Seht nur, wie im Priesterseminar die jüngsten ernst und von ihrer klerikalen Würde ganz durchdrungen sind. Das ist aber kein Stolz, können sie doch von sich mit Recht sagen: Wir tragen Gott in uns. Einen großen Respekt und hohe Achtung schulden wir also der Rolle, zu der wir berufen wurden. Dieser Gedanke möge uns nie verlassen. Das soll uns aber in der Erholungszeit nicht hindern, fröhlich zu sein wie die hl. Regel es uns nahelegt. Sagen wir mit dem hl. Bernhard oft zu uns: Wozu bist du gekommen? Sind wir gekommen, um ein ruhigeres Leben zu führen, unbeschwerter von den Verdrießlichkeiten des Weltlebens, in dem wir nur strikt unsre Pflicht tun und sonst nichts? Oh nein, wenn ihr überlegt, dass ihr Gott in euch tragt, dass er sich euer bedient wie eines verlängerten Armes, um seine Gnaden und Hulderweise auszuteilen, welche Ehrfurcht müsst ihr dann vor euch selbst haben! Haltet darüber dann und wann eine Betrachtung!

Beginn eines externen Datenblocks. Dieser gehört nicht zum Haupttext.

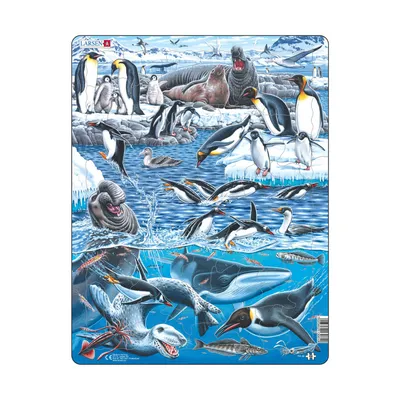 КТО ЖИВЕТ В АНТАРКТИДЕ. Пингвины, киты, тюлени, кашалоты, морские животные  - ролик для детей 0+ - YouTube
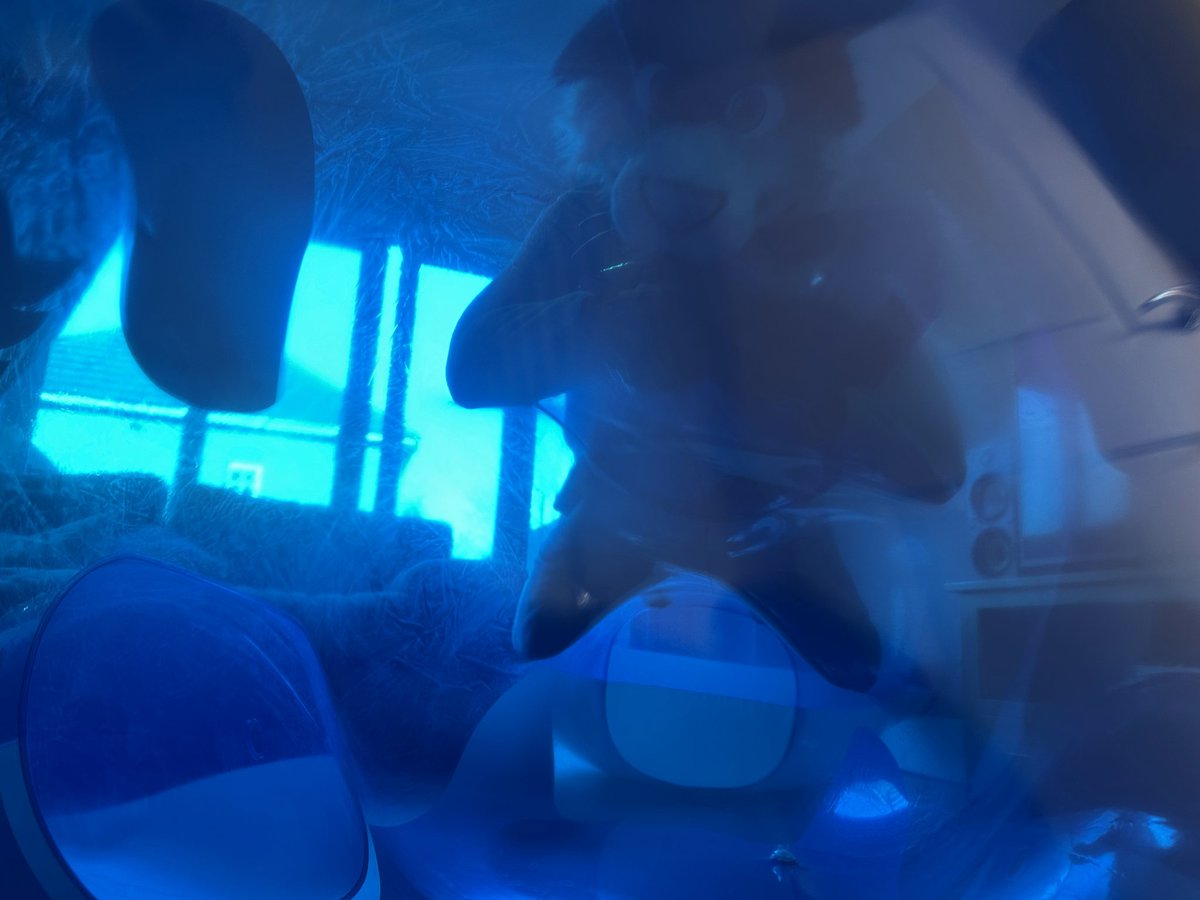 Pitch Shift tweet media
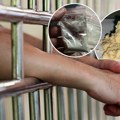 Šta je PINACA, nova droga koja se pojavila u zatvorima u Srbiji: Sintetički narkotik nalik na marihuanu ali višestruko jači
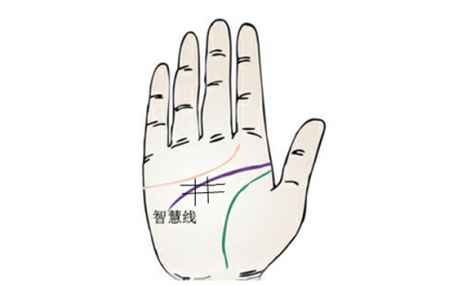 智慧線上有井字紋代表什么 井字紋手相圖解 2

Am Ende seines Lebens hatte sich unser Seminarregens Lejeune in eine Kommunität in Paris zurückgezogen. Ich wollte ihm einen letzten Besuch abstatten. Doch schon konnte er nicht mehr sprechen und man verweigerte mir den Zutritt. Ich wandte mich an die Oberin. Doch sie meinte ebenfalls, es sei nicht mehr möglich. „Sagen Sie ihm“, bat ich sie, „P. Brisson sei da.“ Sie kommt wieder und sagt: „Er machte ein Zeichen, dass er Sie sehen wollte.“ Man führt mich zu ihm. Ich begrüße ihn und drücke ihm die Gefühle des Klerus von Troyes aus. Dann bezeige ich ihm meine liebende Dankbarkeit in besonderer Weise, weil ich einer seiner bevorzugten Schüler war. Bevor ich ihn wieder verließ, drückte ich ihm die Hand und wiederholte die Worte, die er uns mit seiner tiefen und ernsten Stimme so oft gesagt hatte: „Nichts als Ernst, Maß und Frömmigkeit zeige ihr Äußeres.“ Sein Gesicht erhellte sich, eine ganze Vergangenheit, und eine schöne Vergangenheit, lebt auf in diesen Worten…

Wenn man im Seminar so starkes Gewicht auf dieses Wort legte, wie ernst müssen dann wir es nehmen! Unser Wort, unser Tun und unsere ganze Haltung sollten diesen Eindruck erwecken. Dadurch wirkt man unglaublich viel Gutes und bringt die Seelen dahin, sich ohne Vorbehalt Gott zu schenken. Zu diesem Zwecke müssen wir aber erst selbst die Gute Meinung treu üben, jeden Tag uns in den Tugenden des Gehorsams und der Armut bewähren. Das ist der Weg des Glückes.

D.s.b.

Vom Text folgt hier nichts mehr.